Winning twice as much as you lose while starting at quarterback for the New England Patriots? So easy even a Matt Cassel can do it.
On a planet loaded with humans eager to debunk and diminish the dimple-chinned brilliance of Tom Brady, Cassel has been a North Star for Brady loathers for over a decade.
For surface-level simpletons, he’s useful.
After Brady suffered a season-ending ACL tear in the 2008 opener, Cassel came in and led the Patriots to an 11-5 season and a first-place tie in the AFC East. They lost the division on a tiebreaker and were nosed out of the Wild Card. Still, though … 11-5 … pretty good, right?
And it wasn’t just that the Patriots were successful without Brady. They were successful WITH Cassel who hadn’t started a game since high school. What else do you need to know? The Patriots offense practically runs on autopilot.
New England Patriots
Except … except for the fact the Patriots were 16-0 and on their way to 18-0 a year earlier (they finished 18-1 you may remember).
So while 11-5 may seem really impressive in a bubble, they actually lost 32 percent more frequently with Cassel at quarterback. They went from reeling off the most dominant 18-game stretch in NFL history to missing the playoffs.
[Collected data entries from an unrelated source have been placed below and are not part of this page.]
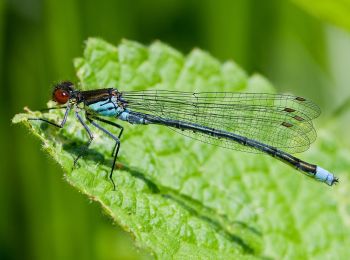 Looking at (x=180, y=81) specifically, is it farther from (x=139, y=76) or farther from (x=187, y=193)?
(x=187, y=193)

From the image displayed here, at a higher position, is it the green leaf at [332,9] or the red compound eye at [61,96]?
the green leaf at [332,9]

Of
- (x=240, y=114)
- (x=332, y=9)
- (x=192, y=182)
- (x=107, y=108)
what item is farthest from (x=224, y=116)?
(x=332, y=9)

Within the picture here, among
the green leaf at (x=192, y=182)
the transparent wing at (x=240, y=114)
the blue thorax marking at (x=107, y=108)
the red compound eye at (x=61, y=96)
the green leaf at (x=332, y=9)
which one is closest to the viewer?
the green leaf at (x=192, y=182)

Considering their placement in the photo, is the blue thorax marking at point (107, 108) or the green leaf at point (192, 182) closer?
the green leaf at point (192, 182)

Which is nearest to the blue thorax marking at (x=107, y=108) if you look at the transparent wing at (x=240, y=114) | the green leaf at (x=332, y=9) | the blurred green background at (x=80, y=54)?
the transparent wing at (x=240, y=114)

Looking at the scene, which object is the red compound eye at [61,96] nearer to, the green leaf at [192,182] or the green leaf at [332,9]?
the green leaf at [192,182]

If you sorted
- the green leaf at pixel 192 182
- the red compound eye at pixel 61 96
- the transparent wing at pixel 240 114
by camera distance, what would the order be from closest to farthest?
the green leaf at pixel 192 182, the red compound eye at pixel 61 96, the transparent wing at pixel 240 114

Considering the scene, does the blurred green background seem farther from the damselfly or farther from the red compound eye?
the damselfly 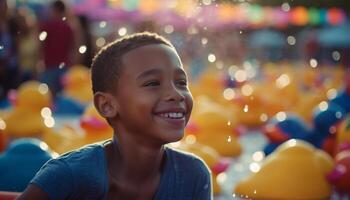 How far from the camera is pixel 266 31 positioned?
26.8 meters

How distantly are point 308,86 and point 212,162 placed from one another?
8384 mm

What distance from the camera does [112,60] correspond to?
2.20m

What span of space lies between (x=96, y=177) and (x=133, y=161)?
0.50 feet

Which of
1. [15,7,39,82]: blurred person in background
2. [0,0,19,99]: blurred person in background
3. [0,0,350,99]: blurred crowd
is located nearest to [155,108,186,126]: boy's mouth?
[0,0,350,99]: blurred crowd

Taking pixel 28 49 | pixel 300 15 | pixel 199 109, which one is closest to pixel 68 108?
pixel 28 49

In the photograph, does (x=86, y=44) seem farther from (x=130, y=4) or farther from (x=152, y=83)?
(x=152, y=83)

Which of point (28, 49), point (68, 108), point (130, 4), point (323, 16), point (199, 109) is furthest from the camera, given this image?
point (323, 16)

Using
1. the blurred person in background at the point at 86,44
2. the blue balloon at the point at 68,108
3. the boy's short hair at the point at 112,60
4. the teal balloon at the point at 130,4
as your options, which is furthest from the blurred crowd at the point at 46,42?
the teal balloon at the point at 130,4

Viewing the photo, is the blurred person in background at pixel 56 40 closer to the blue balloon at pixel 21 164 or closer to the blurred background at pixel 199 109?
the blurred background at pixel 199 109

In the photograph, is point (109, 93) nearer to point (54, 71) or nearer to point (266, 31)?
point (54, 71)

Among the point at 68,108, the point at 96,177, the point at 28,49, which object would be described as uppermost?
the point at 96,177

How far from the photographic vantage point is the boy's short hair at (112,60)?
2.18m

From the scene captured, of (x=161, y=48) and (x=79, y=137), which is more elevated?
(x=161, y=48)

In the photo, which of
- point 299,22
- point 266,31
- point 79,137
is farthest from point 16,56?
point 266,31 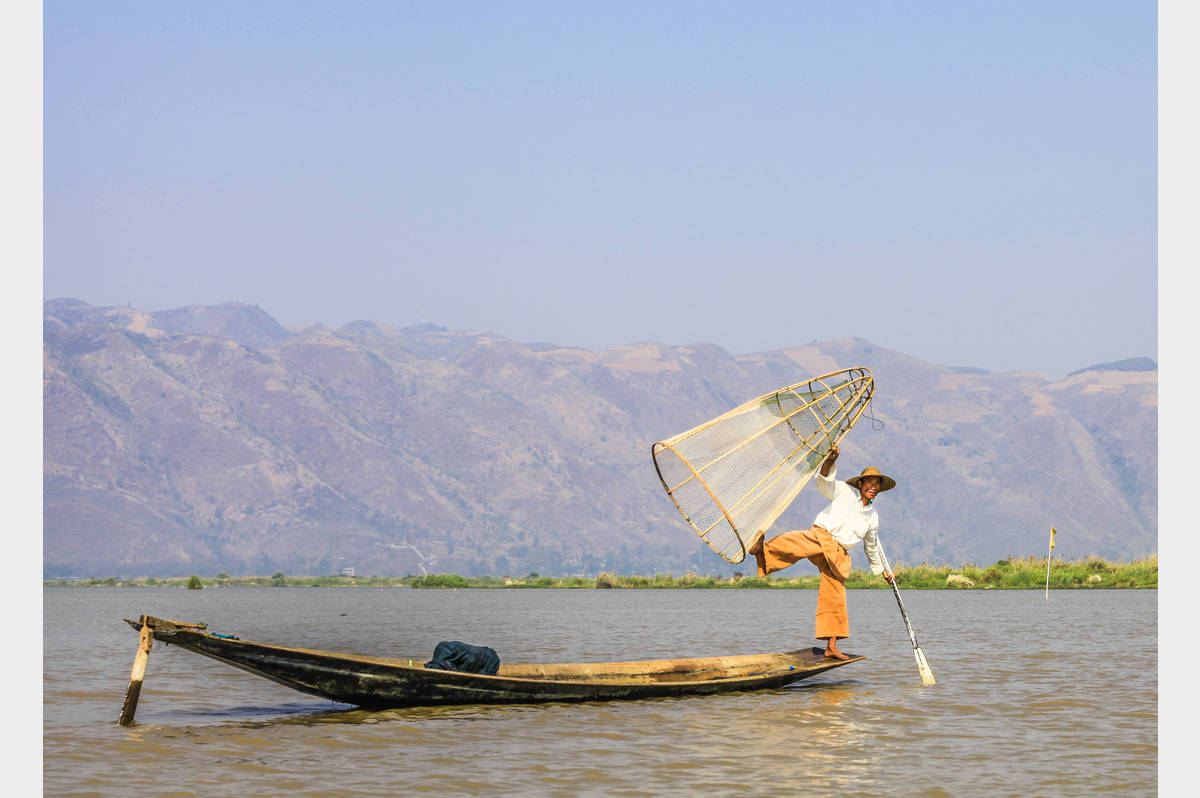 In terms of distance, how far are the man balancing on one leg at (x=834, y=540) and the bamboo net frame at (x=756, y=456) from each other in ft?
0.82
Context, people!
Anyway, Cassel himself was asked about being the trump card in the "Tom Brady Isn’t Good" debate on the Ross Tucker Football Podcast.
He understands why that one season in New England is the first thing people conjure when they hear his name.
“The thing about the 2008 season which sticks out for so many people was we were coming off the 18-1 year where we went to the Super Bowl and lost in dramatic fashion with the catch and everything else that happened,” Cassel recalled. “And the expectations were that we’d just go to the next level and then the MVP he goes down in the first quarter of the first game, the publicity and the media coverage of that one moment was so incredible.
“And my story of not starting a game since high school and people were saying, ‘Are they serious putting this kid in here. They need to go and get somebody.’ Then going out and being 11-5 – and we easily could have won another two games – and I came out of nowhere and people were amazed by that system and what we were able to accomplish without Tom it blew people’s minds. It’s obviously in a lot of people’s memories.”
But using it to diminish Brady’s excellence?
“The year that I played we had an unbelievable cast of characters: Wes Welker, Randy Moss, Jabar Gaffney, Ben Watson we had an amazing cast and that’s probably why he threw 50 touchdowns (in 2007). But if you look at the people around him through the years when they’re always rotating through receivers, he made those guys better.
“They bring guys in you haven’t heard of or guys whose careers people think are done and he somehow elevates their play to the next level and makes them better receivers and better players,” Cassel added. “That speaks to his greatness. People don’t realize he’s won Super Bowls with so many different receivers and not the Antonio Browns of the world, not the best receivers in the national football league.”
Cassel, who is unaffiliated at the moment and – at 37 – possibly done for good, added that there’s more to Brady’s excellence than wins and losses.
“If you just turn on the tape you’ll say, ‘Oh my God this guy’s special.’ And he is one of, he’s probably the greatest quarterback to ever play the game,” said Cassel. “It’s not just work ethic, it’s leadership ability and what he does in that locker room to get those guys ready to play. I’ve never been around anybody that has taught me more of how to prepare. He would get to the stadium three hours before the game just to go through the call sheet again which we already went through the night before twice. He’d be talking through reads, matchup issues … his preparation is matched by none.”
The “Yeah, but they went 11-5 with Cassel…” counterargument will never disappear, mainly because those that offer it up are too smooth-brained to think critically. But even Cassel knows that his 11-5 paled in comparison to what Brady did in 2007 or might have done in 2008.